O projecto de ler Cem Anos de Solidão não foi novidade para nenhum dos presentes no serão de Outubro, pois todos havíamos, anos antes, ‘testemunhado’ as peculiaridades e peripécias da família Buendía.
Curiosamente, todos concordámos que tínhamos memória do impacto que a obra causara aquando da primeira leitura, de como nos persuadira a descobrir mais de Gabriel García Márquez, mas pouco tínhamos retido do emaranhado genealógico dos Buendía, como se a nós também sucedesse um processo de encantamento semelhante àquele a que Macondo está condenada: «pois estava previsto que a cidade dos espelhos (ou das miragens) seria arrasada pelo vento e desterrada da memória dos homens» (p. 327). A nossa vantagem, relativamente a Macondo e aos seus fundadores, é que se as «estirpes condenadas a cem anos de solidão não tinham uma segunda oportunidade sobre a Terra» (p. 328), nós, leitores, teremos sempre mais uma oportunidade sobre o trabalho magistral, reforçamos, de encantamento, que G.G. Márquez conseguiu com este romance.

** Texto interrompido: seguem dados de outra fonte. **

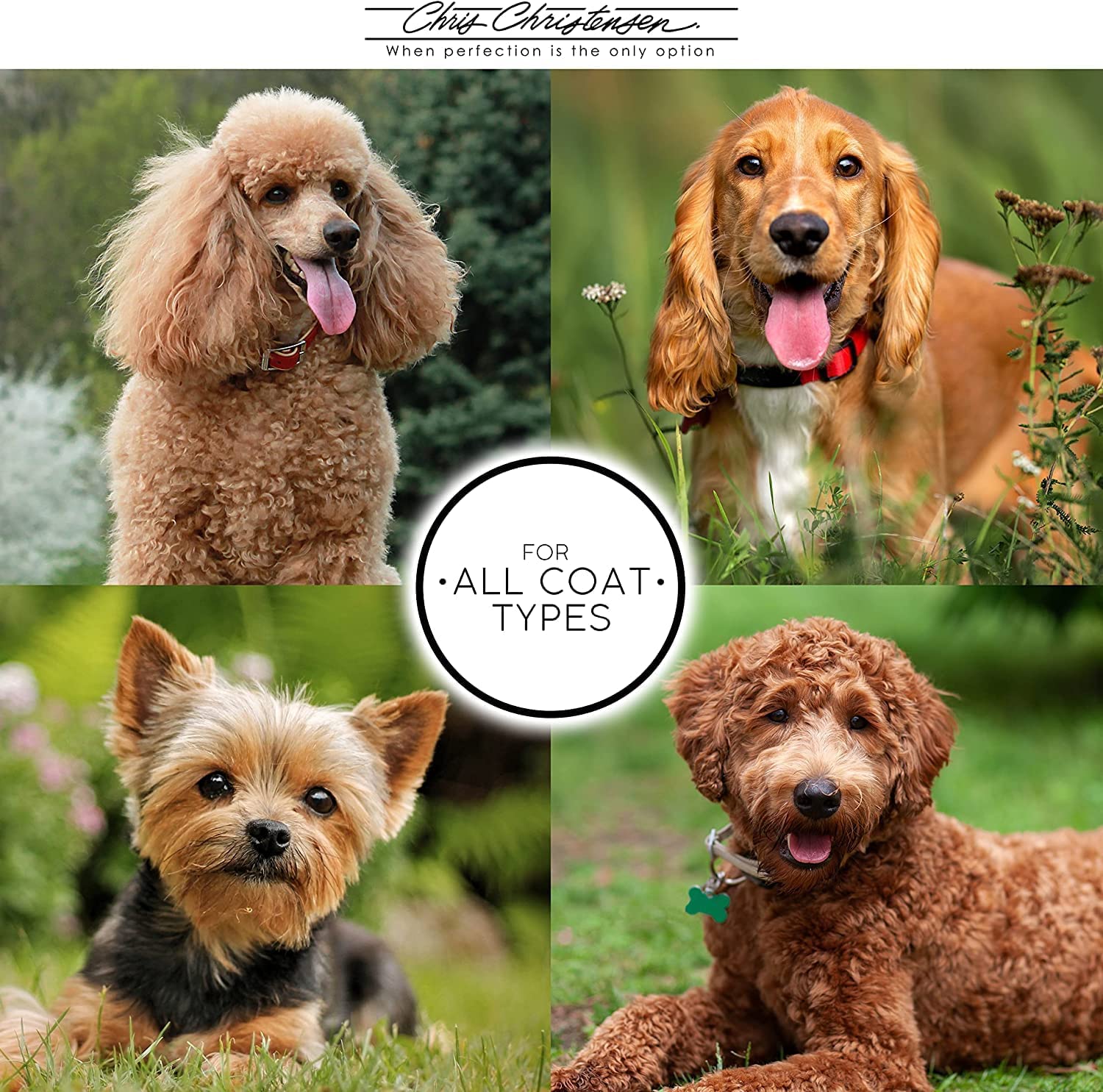 Chris Christensen A5X Mark X Slicker Tiny Head glide across fur reduces snags and tangles.
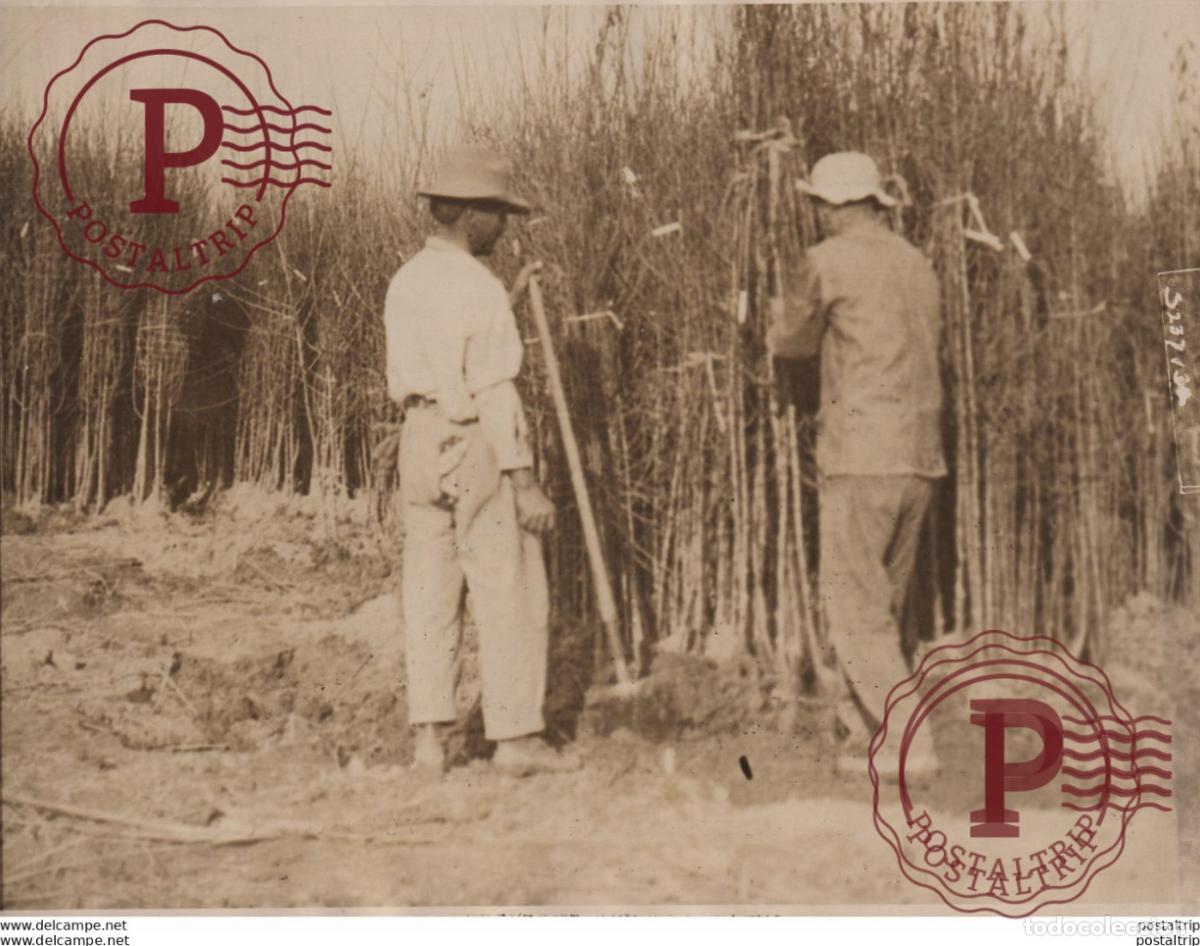 Fotografia antiga: CALIFORNIA PRUNE TREES RUINED FRENCH ORCHARDS DESTROYED BY THE GERMANS 21*16CM Fonds Victor FORBIN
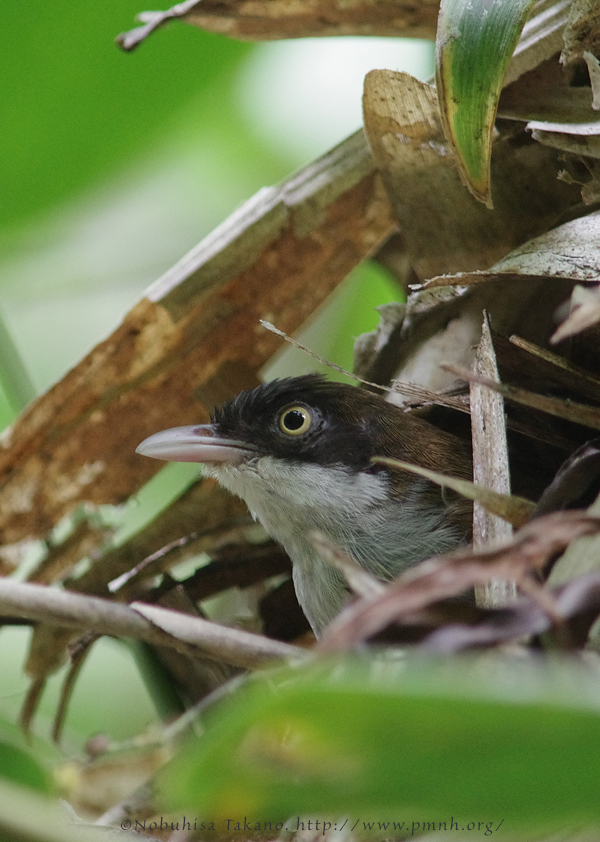 1108darkfrontedbabbler5186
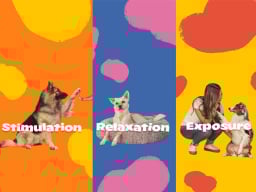 three dogs in DOGTV infographic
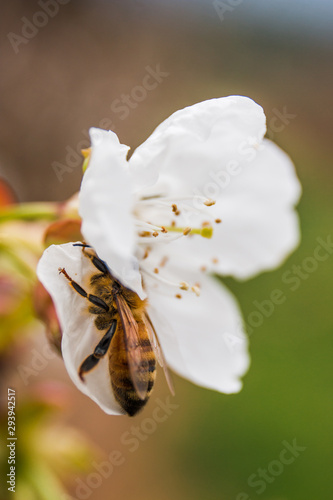 A bee on white sakura flower (macro photography) in Australia © Bry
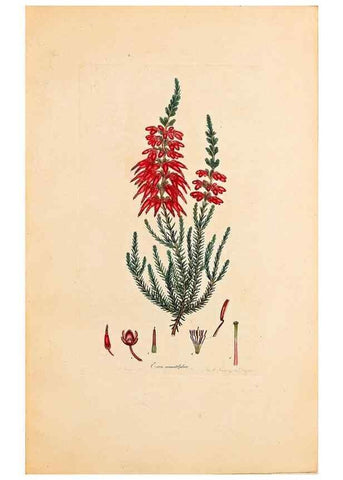 Reproducción/Reproduction 40873970183: Coloured engravings of heaths :. London :Published by the Author. Printed by T. Bensley,1802-09 [1830?]. 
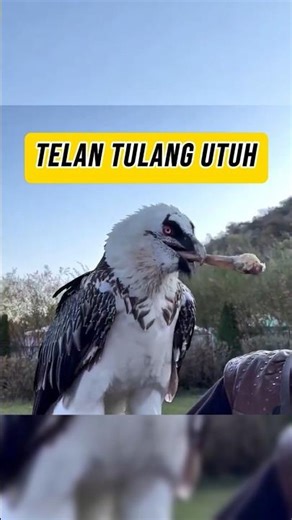 Hewan Ini Menelan Tulang Besar Tanpa Mengunyah???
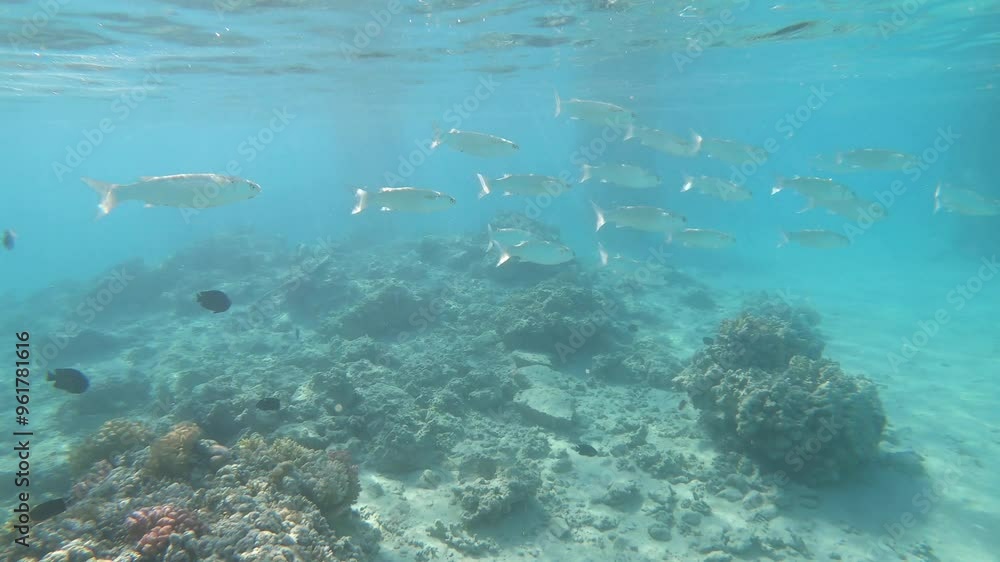 School of Striped Mullet (Mugil cephalus) swims in the blue water on sunny day in subeams. High quality 4k footage School of Striped Mullet (Mugil cephalus) swims in the blue water on sunny day in subeams. High quality 4k footage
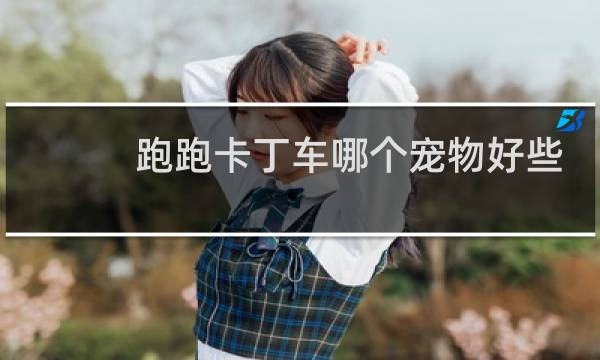 跑跑卡丁车哪个宠物好些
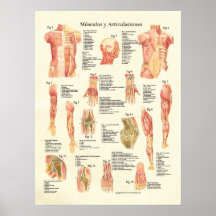 Español de Músculos y Articulaciones Anatomia Poster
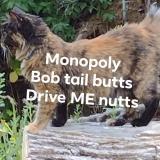 Photo de chat perdu à Roseburg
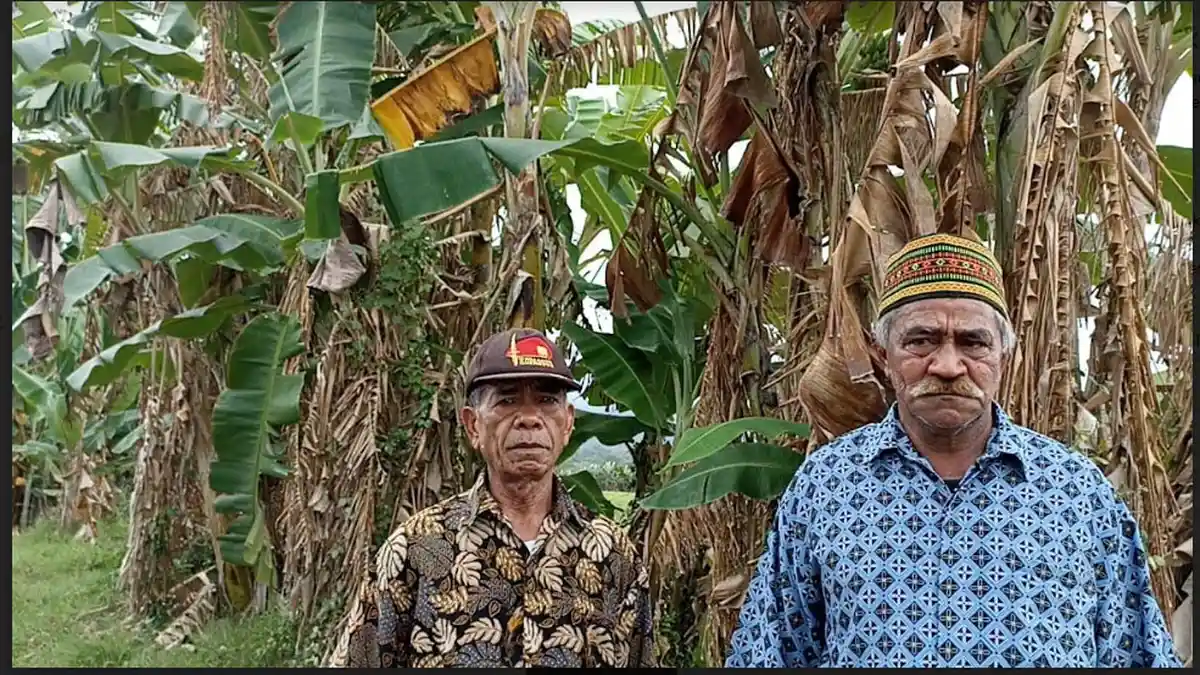 Tanaman Pisang Milik Petani di Compang Ndejing, Manggarai Timur Diserang Penyakit 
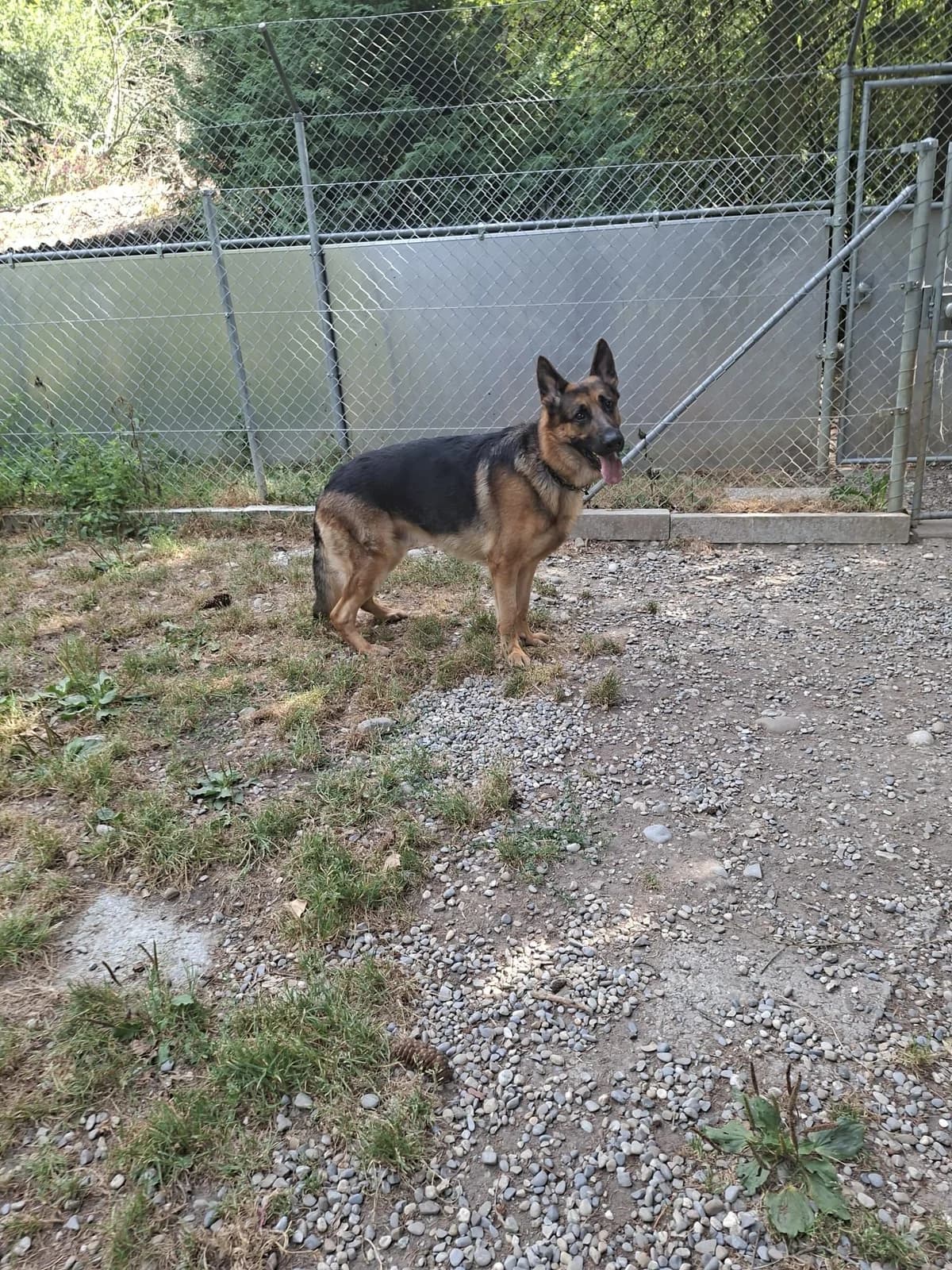Mushu, male puppy Presa Canario for adoption at Tierheim Tellen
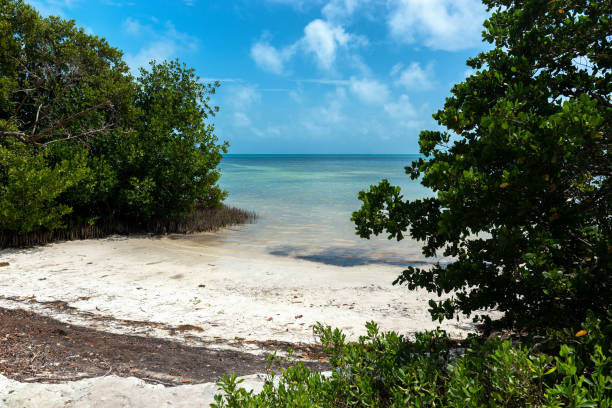 istock Anne's Park in the Florida Keys 1921947265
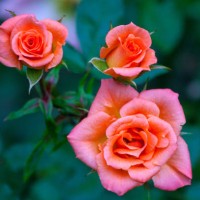 three pink red roses close up garden - garden decoration stock pictures, royalty-free photos & images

O ‘realismo mágico’ em Cem anos…

Numa breve alusão ao carácter encantatório do registo de Cem anos…, elucide-se que a prática ficcional de apresentar os grandes temas sociais envolvidos numa aura onírica, condimentados com os traços fantasiosos das superstições, das lendas e mitos arquetípicos, se denomina, genericamente, por ‘realismo mágico’.
Esta feição mais ‘fantástica’ de uma literatura de carácter ainda assim social e denunciadora da condição humana em certas comunidades, sobretudo praticada pelos autores latino-americanos (Marquez, Jorge Luís Borges, Cortázar), conquistou grande popularidade na segunda metade do século passado, contaminando gerações sucessivas de autores de diferentes latitudes, entre eles, Gunter Grass, Italo Calvino e Salmon Rushdie. (Remetemos para a obra Fantasia para Dois Coronéis e uma Piscina, de Mário de Carvalho, já lida no nosso ‘clube’, como exemplo de um romance português tocado pela técnica ficcional em causa).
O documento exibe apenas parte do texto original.